Problem details.
What you return should be only the lines in the entries below between the one holding "1984 Rapid City" and the one holding "Ingrid Maska Za Lice Skin Up Sve Vrste", ends included, with every picture left out.

Input data.
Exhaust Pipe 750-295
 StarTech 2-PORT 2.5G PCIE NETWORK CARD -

...

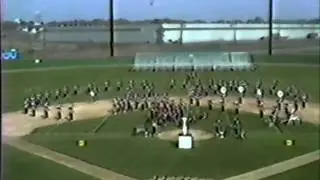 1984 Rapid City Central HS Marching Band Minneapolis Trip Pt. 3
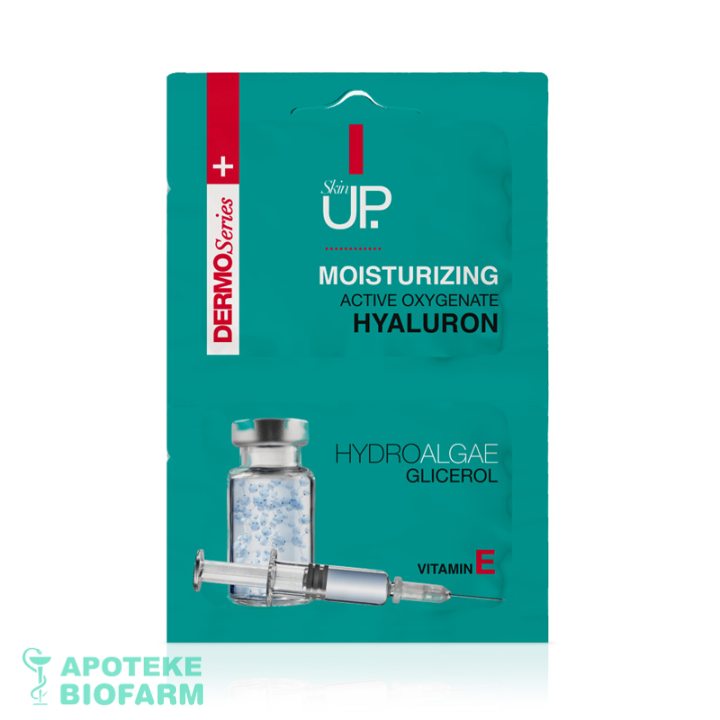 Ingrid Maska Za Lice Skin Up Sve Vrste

==

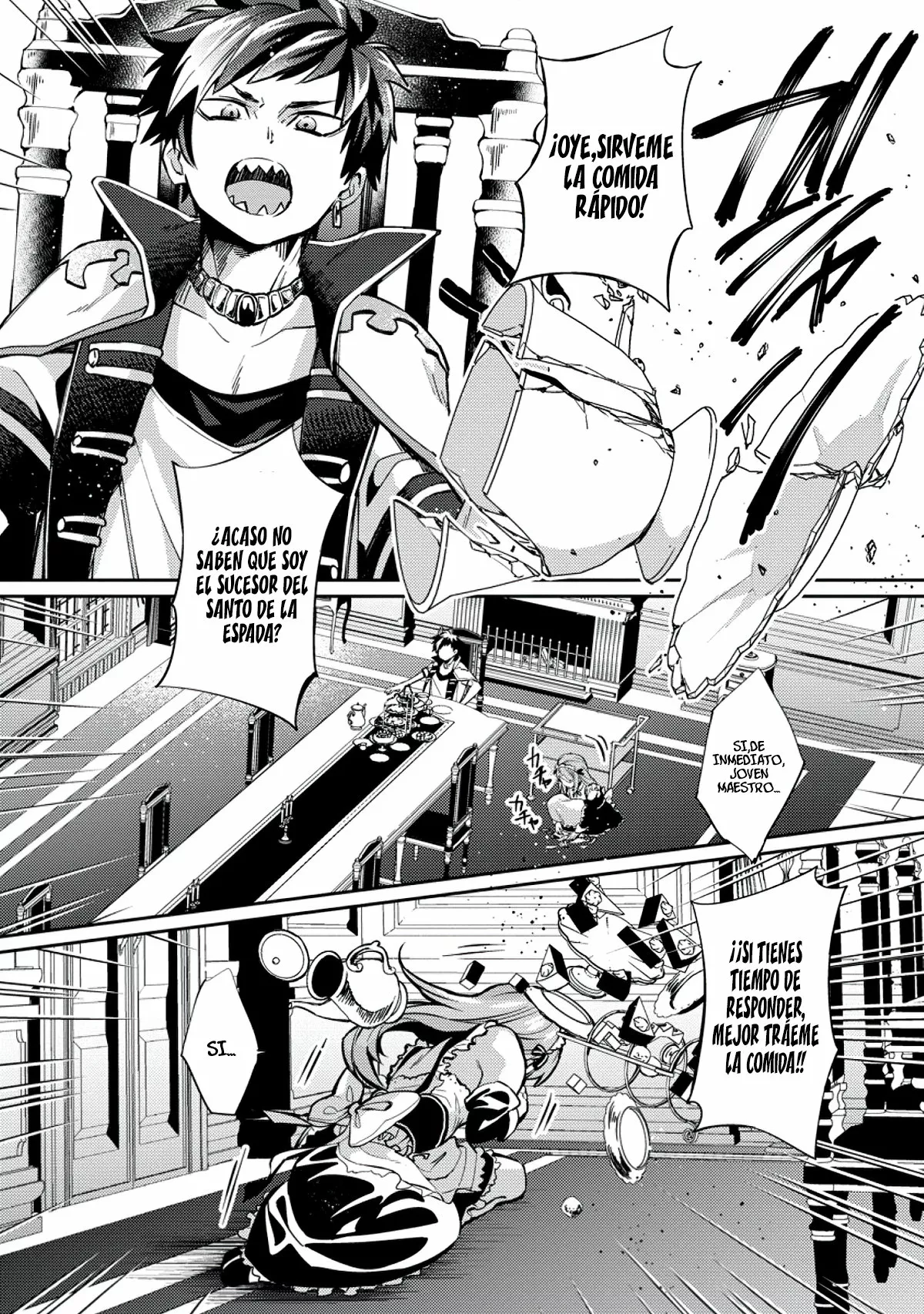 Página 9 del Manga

Response.
 1984 Rapid City Central HS Marching Band Minneapolis Trip Pt. 3
 Ingrid Maska Za Lice Skin Up Sve Vrste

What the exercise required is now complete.